Les associations interrogées par la MIPROF ont constaté que la plupart de ces mineurs ont un contexte familial complexe avec des événements traumatiques ce qui les a rendus vulnérables aux exploiteurs.
« Ils sont facilement recrutés, exploités et harcelés via les réseaux sociaux. Une grande partie se trouve en situation addictive préoccupante (stupéfiants, psychotropes), qui correspond à une stratégie d’exploitation sophistiquée. » (La traite des êtres humains en France, le profil des victimes accompagnées en 2022, p. 9)

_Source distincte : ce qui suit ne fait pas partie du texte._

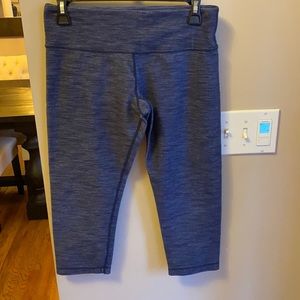 Lululemon mid rise cropped legging size 8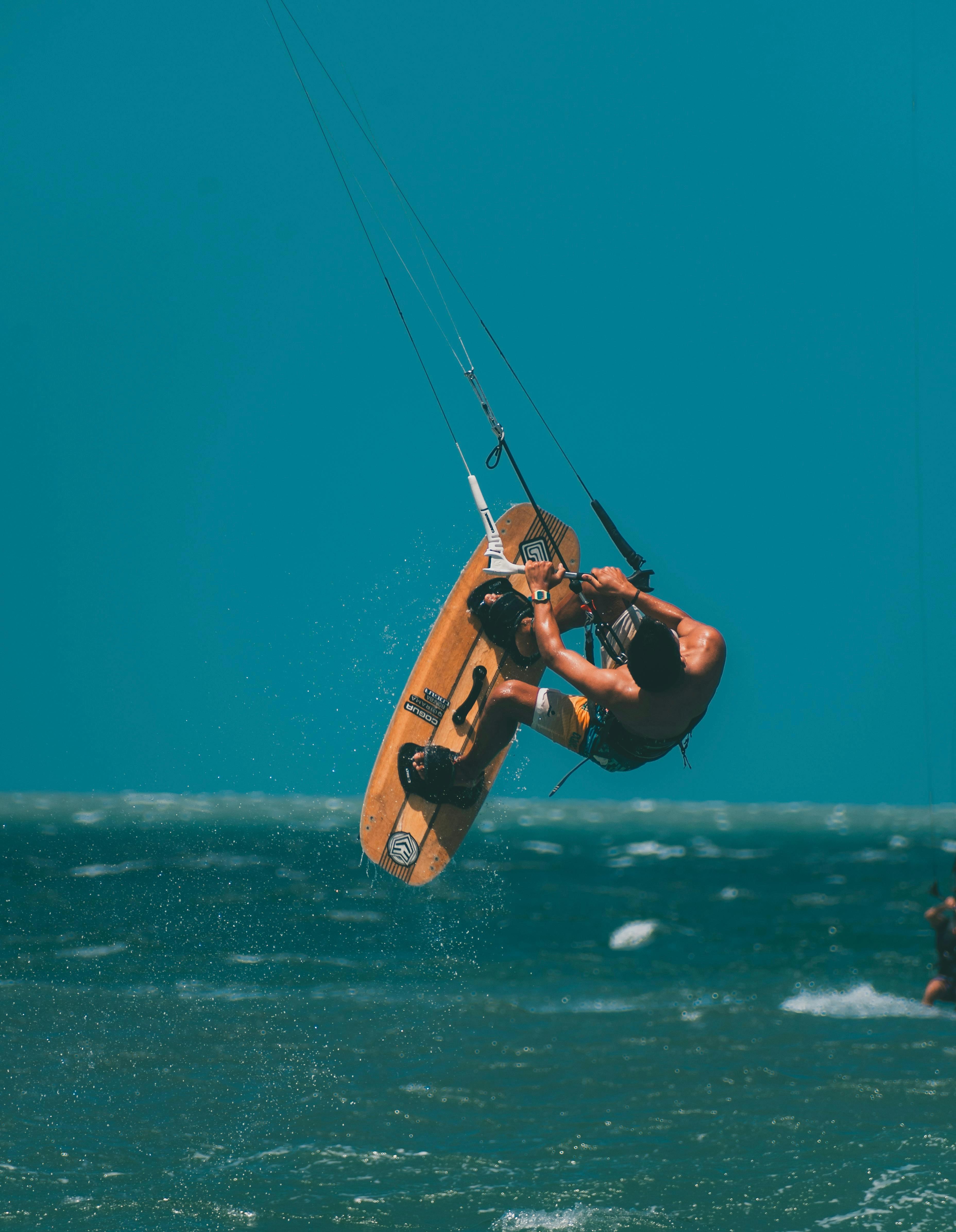 Ein Mann kitesurft auf dem offenen Meer.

Traite des êtres humains et exploitation : les chiffres des associations accompagnant les victimes
En 2022, 2994 victimes ont été accompagnées par 72 associations. 82 % d’entre elles sont des femmes et 16% des mineurs, une augmentation de 97% par rapport à l’année 2021.
Le rapport de l’enquête montre que parmi ces victimes
- 76% étaient victimes d’exploitation sexuelle,
- 15% d’exploitation par le travail,
- 7% contraintes à commettre des délits, (forcer une personne à commettre des crimes et délits en vue d’en récolter les gains, délits de vols, délit relatif aux stupéfiants)

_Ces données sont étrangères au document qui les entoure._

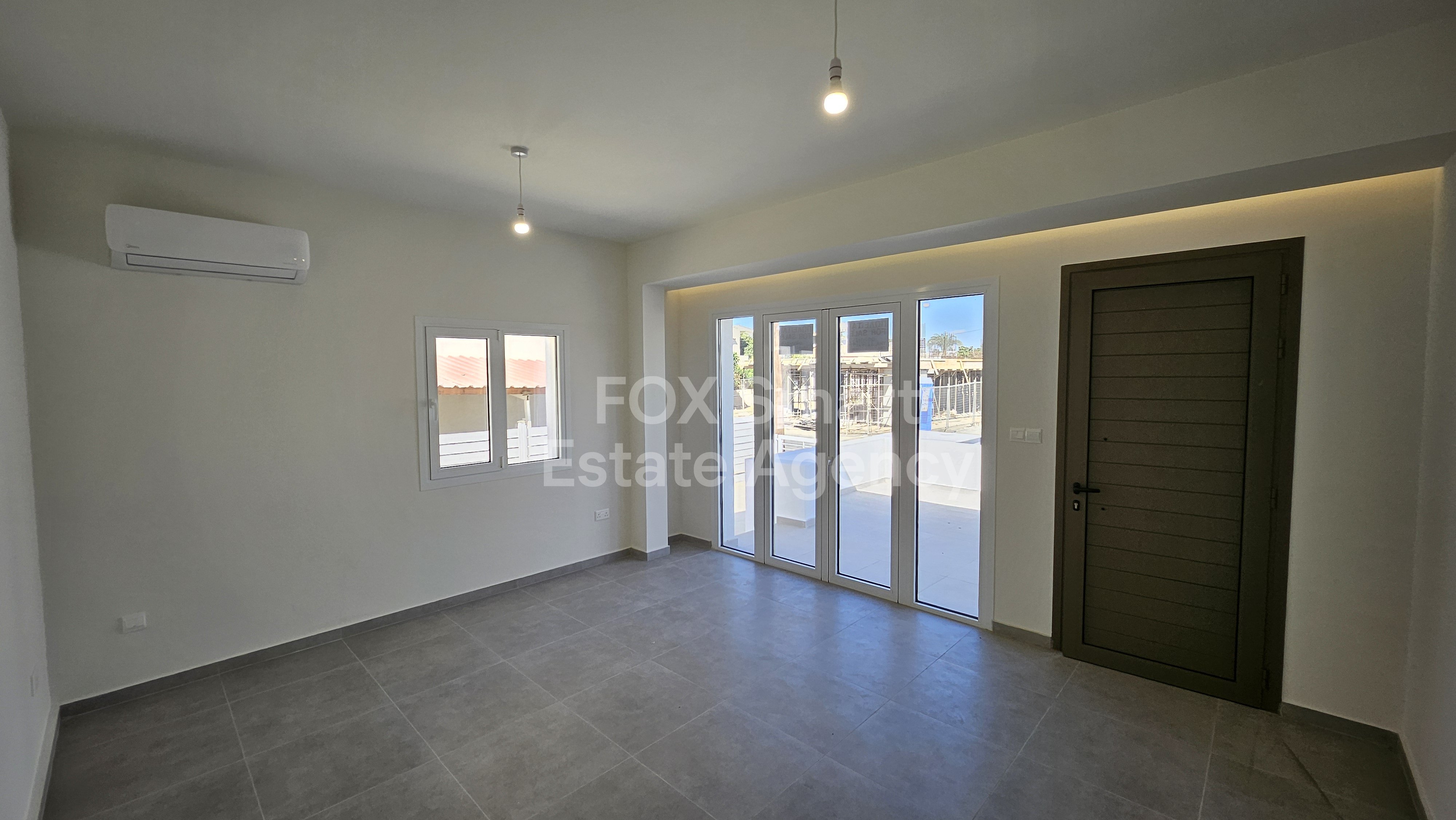 3 Bedroom Ground-Floor House in Sotiros Area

- 2% à la mendicité forcée,
- 1% à d’autres formes d’exploitation.
Les guerres, les flux migratoires et les réseaux sociaux sont trois grands facteurs d’accroissement de la traite des êtres humains et de leur exploitation d’après le SSMI qui précise que ce phénomène « risque en outre de s’aggraver dans les années à venir. »
Nourrie entre autres par la consommation croissante de pornographie et le harcèlement sur les réseaux sociaux, la traite des êtres humains reste un sujet très préoccupant.
En octobre 2023, un « projet de position » du parlement européen concernant la révision de la directive européenne 2011/36/UE sur la lutte contre la traite des êtres humains a été adopté. Les eurodéputés souhaitent donner plus de moyens aux services répressifs de l’Union européenne pour agir contre la traite d’êtres humains et assurer un meilleur soutien aux victimes. Ils ont ajouté trois pratiques à prendre en compte au titre de la traite la gestation pour autrui à des fins d’exploitation reproductive, l’adoption illégale et le mariage forcé. La transcription de ces mesures dans la directive révisée est aujourd’hui dans les mains du Conseil de l’Union européenne.